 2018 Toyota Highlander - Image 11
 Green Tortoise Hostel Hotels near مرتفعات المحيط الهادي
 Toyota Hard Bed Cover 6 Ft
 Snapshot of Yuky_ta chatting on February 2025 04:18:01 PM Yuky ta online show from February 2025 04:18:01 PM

--

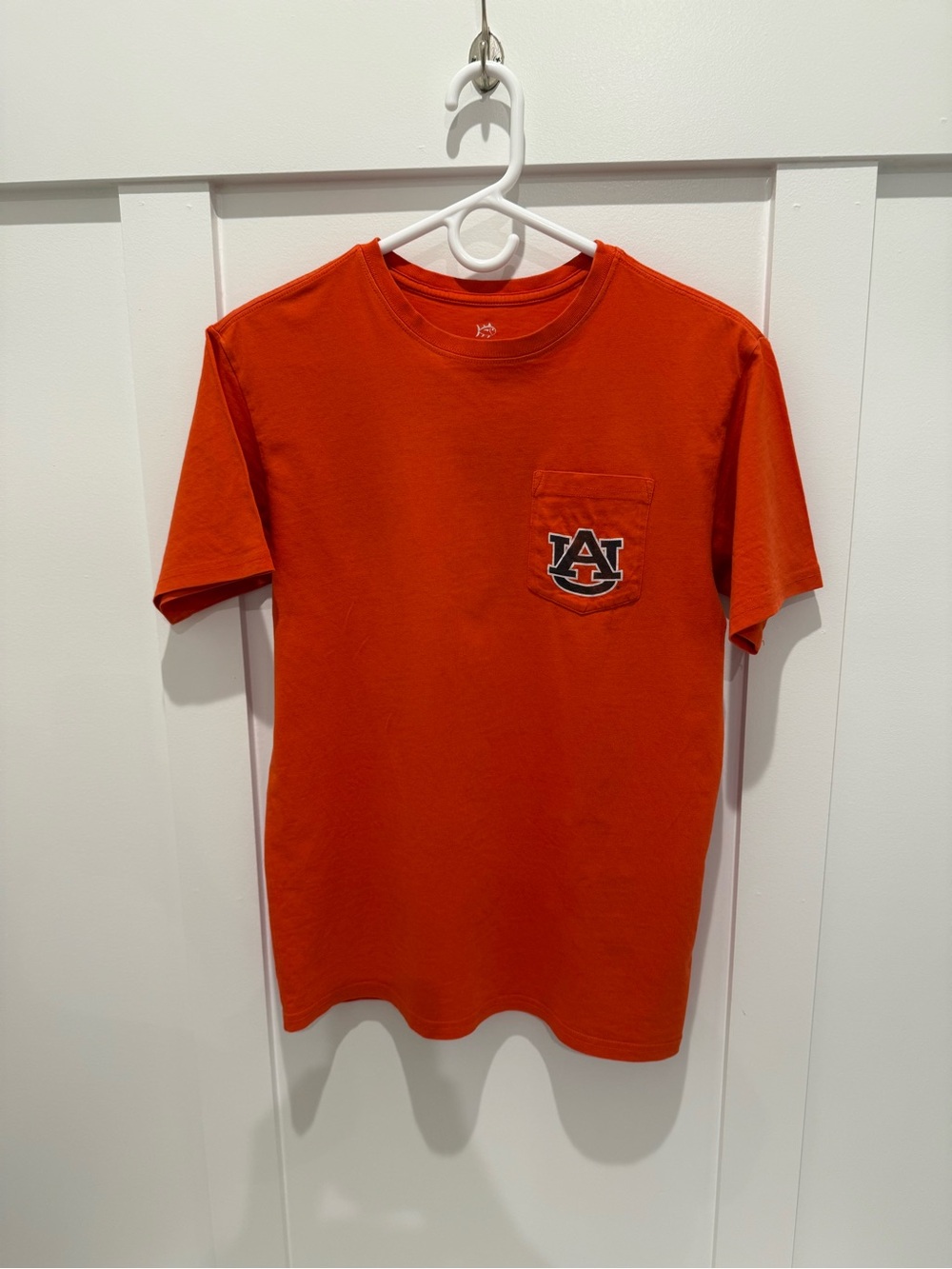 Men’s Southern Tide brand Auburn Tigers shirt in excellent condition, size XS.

Task statement →
Gather each line in the entries above where the string "Toyota" is found.

Problem solution →
 2018 Toyota Highlander - Image 11
 Toyota Hard Bed Cover 6 Ft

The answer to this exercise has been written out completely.